» Problem to work on: Please repeat every entry exactly as given, apart from dropping the images.

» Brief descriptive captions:
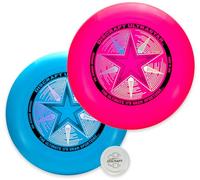 Discraft Ultrastar Neon - Set di 2 Dischi Professionali Standard, Blu Cobalto e Rosa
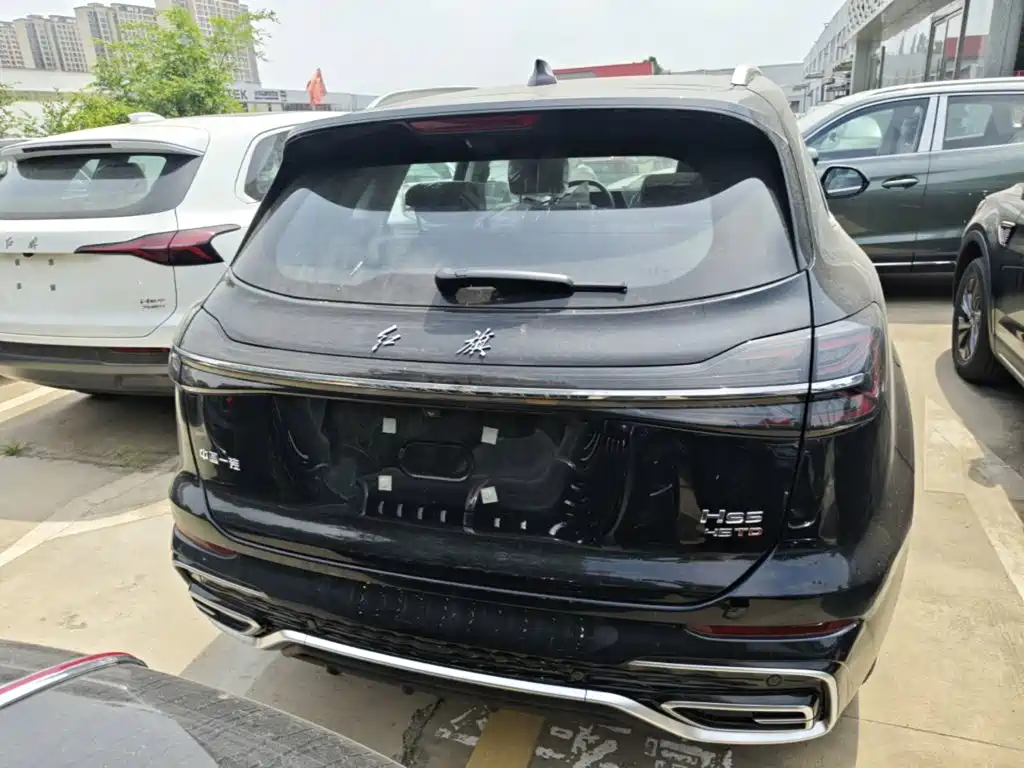 Hongqi HS5 2026 2026 2.0T 2WD Qi Enjoyment Pro Edition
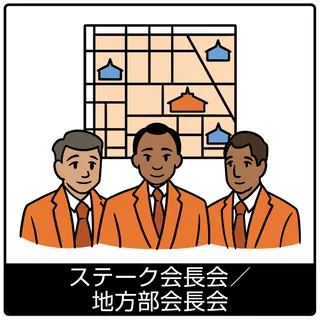 ステーク会長会／地方部会長会—福音のシンボル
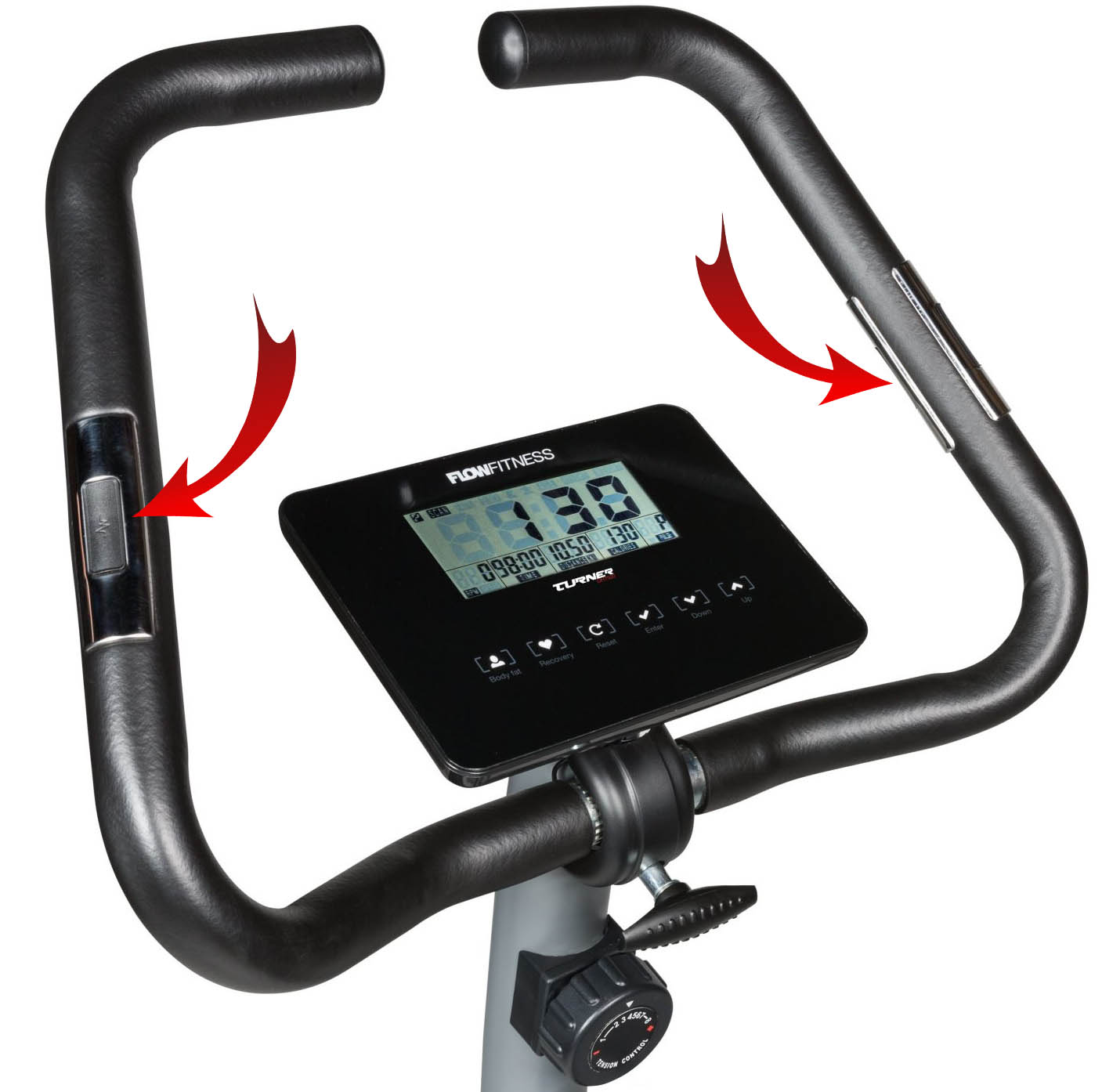 Flow Fitness DHT500 a hand pulse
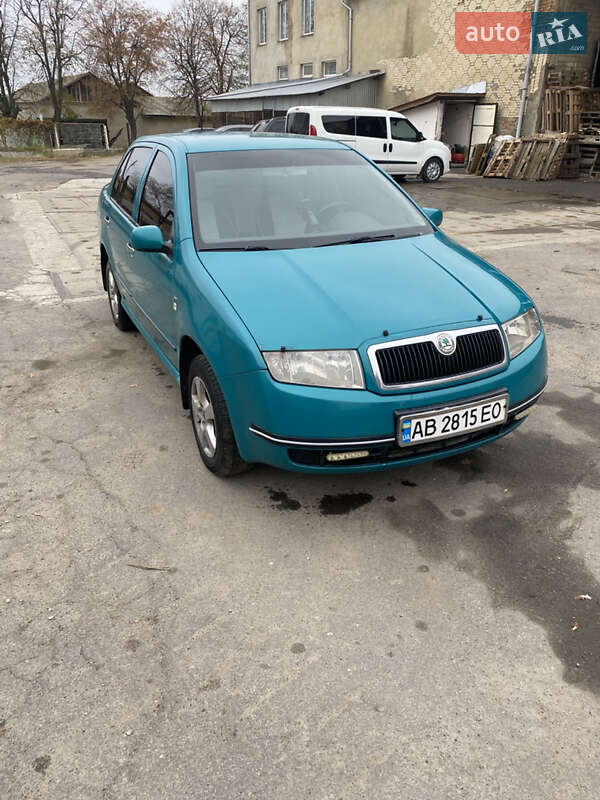 Седан Skoda Fabia 2002 в Тульчине фото 3 Седан Skoda Fabia 2002 в Тульчине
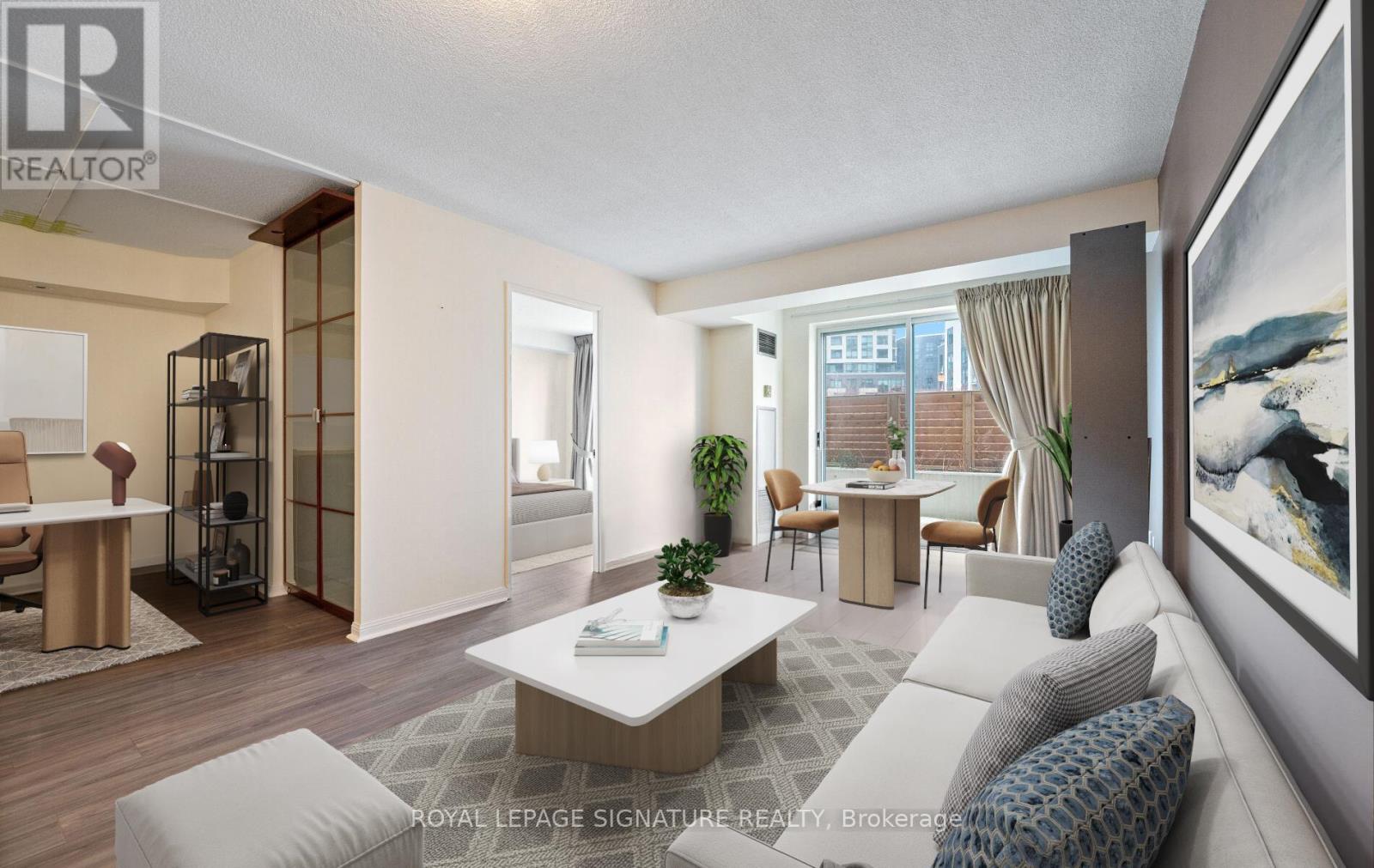 102 - 101 Subway Crescent, Toronto, Ontario  M9B 6K4 - Photo 2 - W12659586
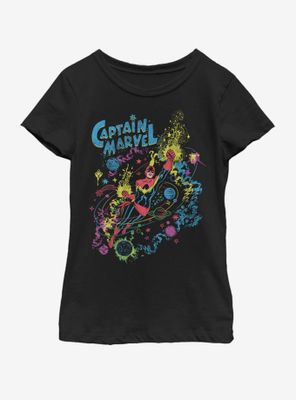Marvel Captain Cosmic Youth Girls T-Shirt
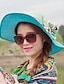 זול כובעים לנשים-כובע שמש דפוס כותנה קש חורף קיץ חמוד מסיבה יום יומי נשים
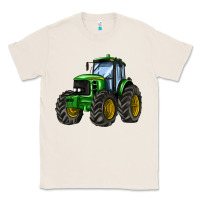 Natural farm tractor Classic Tee - AdoDesignShop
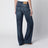 Jeans Korea blu scuro slavato
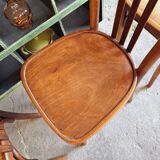 Old bistro chairs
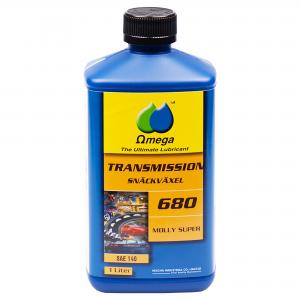 Omega 680 SAE 140 Extrem Snäckväxelolja 1L (Sty...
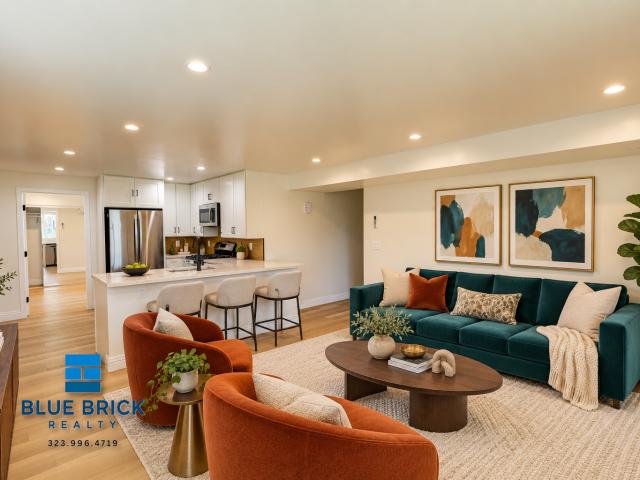 2 BR, 2 BA Apartment 1405 N Normandie Ave, Los Angeles, CA 90027
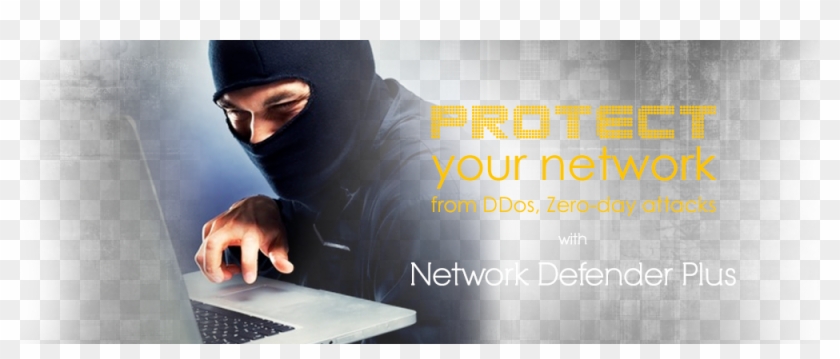 Cyber - Network Security Banner Clipart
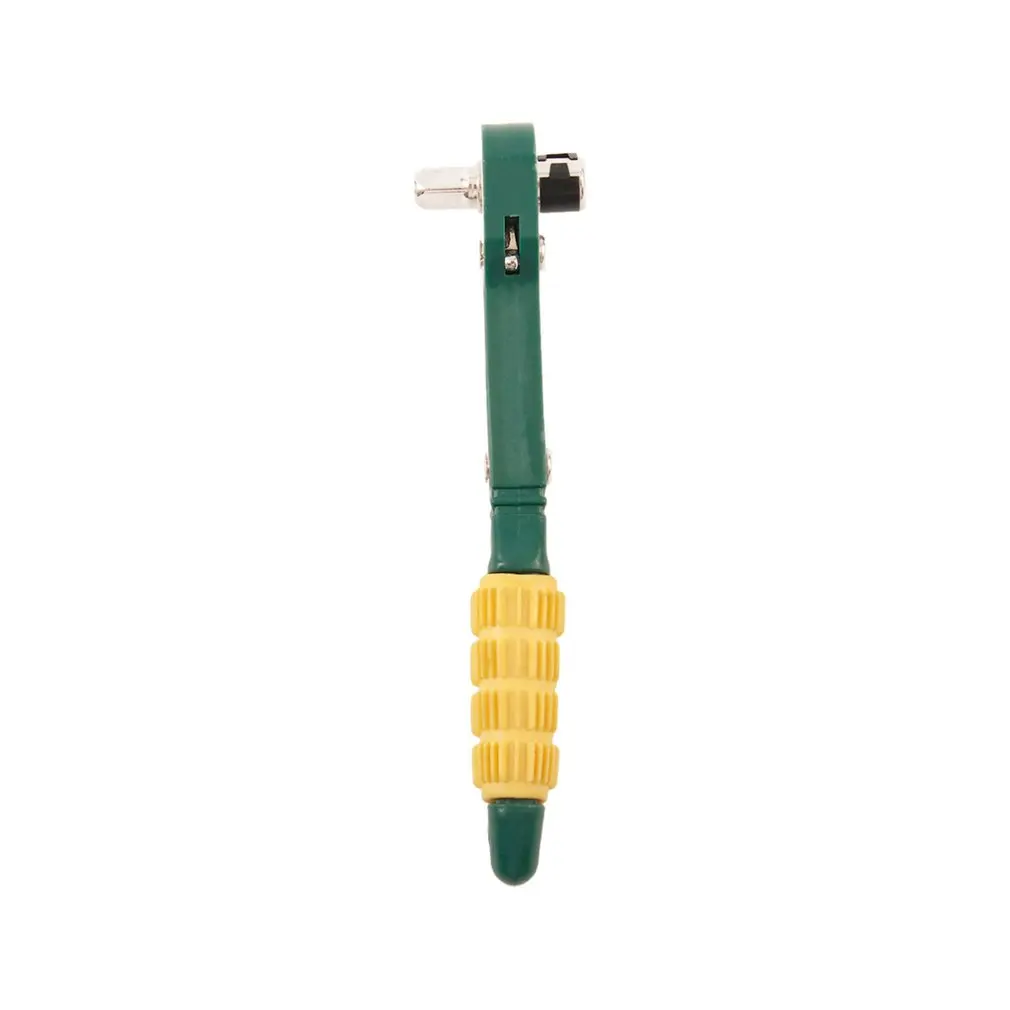Mini Llave de trinquete de alto Torque, herramientas de reparación, llave de enchufe, herramienta de liberación rápida para fábricas, modificación de automóviles, 1/4 pulgadas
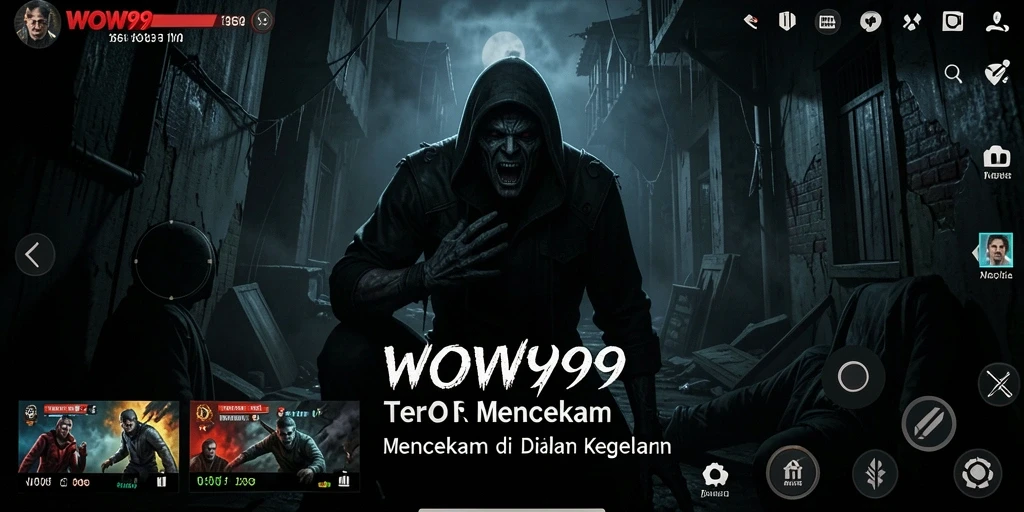 Gameplay seram yang membuat adrenaline Anda terpacu.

» Answer box:
 Discraft Ultrastar Neon - Set di 2 Dischi Professionali Standard, Blu Cobalto e Rosa
 Hongqi HS5 2026 2026 2.0T 2WD Qi Enjoyment Pro Edition
 ステーク会長会／地方部会長会—福音のシンボル
 Flow Fitness DHT500 a hand pulse
 Седан Skoda Fabia 2002 в Тульчине фото 3 Седан Skoda Fabia 2002 в Тульчине
 102 - 101 Subway Crescent, Toronto, Ontario  M9B 6K4 - Photo 2 - W12659586
Marvel Captain Cosmic Youth Girls T-Shirt
 זול כובעים לנשים-כובע שמש דפוס כותנה קש חורף קיץ חמוד מסיבה יום יומי נשים
 Natural farm tractor Classic Tee - AdoDesignShop
 Jeans Korea blu scuro slavato
 Old bistro chairs
 Omega 680 SAE 140 Extrem Snäckväxelolja 1L (Sty...
 2 BR, 2 BA Apartment 1405 N Normandie Ave, Los Angeles, CA 90027
 Cyber - Network Security Banner Clipart
Mini Llave de trinquete de alto Torque, herramientas de reparación, llave de enchufe, herramienta de liberación rápida para fábricas, modificación de automóviles, 1/4 pulgadas
 Gameplay seram yang membuat adrenaline Anda terpacu.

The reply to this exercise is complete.